- Born: September 12, 1970 (age 55) Seoul, South Korea
- Occupations: Film director, screenwriter

Korean name
- Hangul: 이철하
- Hanja: 李澈河
- RR: I Cheolha
- MR: I Ch'ŏrha
- Website: http://www.hfilm.co.kr

= Lee Cheol-ha =

South Korean film director (born 1970)

Lee Cheol-ha is a South Korean film director known for his stylish portraits of the human experience.

Born in South Korea, Lee was raised in Seoul. He eschewed the film school route, doing other hands-on work for commercial film productions. He next got a job at Sidus FNH in 1999 with his first screen credit being for Il Mare as an assistant director. He left Korea to study a film at Academy of Art University in California. One of his short film won 1st place at the College Emmy Awards.

After he graduated at Academy of Art University, he came back to Korea and direct commercials and music videos. This quickly brought Lee to the attention of producers in Korea and he got the chance to direct a feature film. Though he would continue to direct spots for companies like GM Daewoo Motors, Pantech Curitel, CIGNA, Global Gillette, Innostream and Orion Confectionery, Lee Cheol-ha soon discovered that the slightly expanded format of music videos was an even better place to try things out.

With his sights set on a directing career, he made a video-production company H Films and started off directing music videos and commercials.
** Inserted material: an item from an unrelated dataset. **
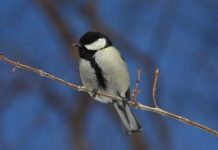 Research: Becoming promiscuous to ensure reproduction —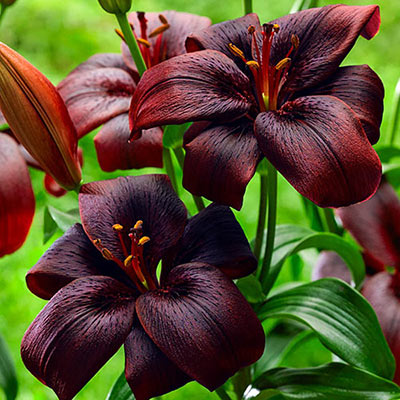 Closeup of two Asiatic lilies with dark maroon-red petals that reflex backward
Lee directed music videos for artists such as BoA, TVXQ, Kangta, Shinhwa, S.E.S., Jaurim, Fly to the Sky, S and g.o.d, as well as commercials. Like a number of other music video directors, he then moved into film.

Lee Cheol-ha's feature debut was Love Me Not (2006), which was then the most expensive picture ever made by a first time director. Unfortunately the film was not a pleasant experience for him, having had a bad critic with the people at Korea film industry. While it received Grand Bell Awards nominations for Art Direction, Costume Design and Best Leading Actress, the film was not well received by critics or movie goers.

==Filmography==
- The Toothbrush (1997)
- Teensmoker (1998)
- O[ou] (1999)
- My Tear (1999)
- Like (2000)
- Love Me Not (2006)
- Story of Wine (2008)
- Stray Cats (2009)
- Pricked Grape Prince (2009)
- Meet (2010)
- Pyega (2010)
- Hello?! Orchestra (2013)
- I eat therefore I am (2015)
- Insane (2016)
- Okay! Madam (2020)
- Unlock My Boss (2022)
- Spirit Fingers! (2025)
- Okay! Madam 2 (2026)
- Bluehouse (TBA)

==Awards==
- ATAS Foundation College Television Awards 1999 (1st Place) - The Confessional (1999)
- ATAS Foundation College Television Awards 2000 (3rd Place) - O[ou] (1999)
- 12th Sonoma International Film Festival 2009 (Official Selection) - Story of Wine (2009)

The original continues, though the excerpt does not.